Drawn from a letter penned by debut author Sieracki’s grandfather Leonard to his wife, the titular Josephine, this book presents a largely paint-by-numbers tour of the European theater of World War II. Training, traveling, bonding with fellow soldiers, and infantry combat are covered with a generalized expediency—assuming, more or less, that readers have seen a war movie before and know how this goes. Secondary characters get short shrift—Jo herself only exists to pine for her beau back home in Ohio, with barely a trace of her interior life or wartime experience, and a completely fabricated Puerto Rican corpsmate serves to spark an anachronistic (and virtue-signaling) exchange on American immigration policy that pulls readers out of the intended setting.

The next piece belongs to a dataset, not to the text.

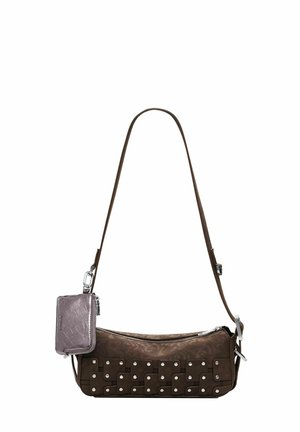 SMALL STUDDED PATCH BAGUETTE - Umhängetasche - brown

Sieracki’s writing is most engaging at moments of personal struggle—loss, loneliness, and shell-shock feel thoughtfully lived-in, and Williams’s (
Gothic Tales of Haunted Love) artwork flourishes during firefights. Yet the disconnect between the art and story is palpable, with the illustrated thrill of combat overwhelming more subtle aspects of the narrative.
VERDICT Leaning hard on cultural wartime tropes and cartoonish bouts of combat, this tale misses an opportunity to share a meaningful, specific story by painting in the broadest of strokes.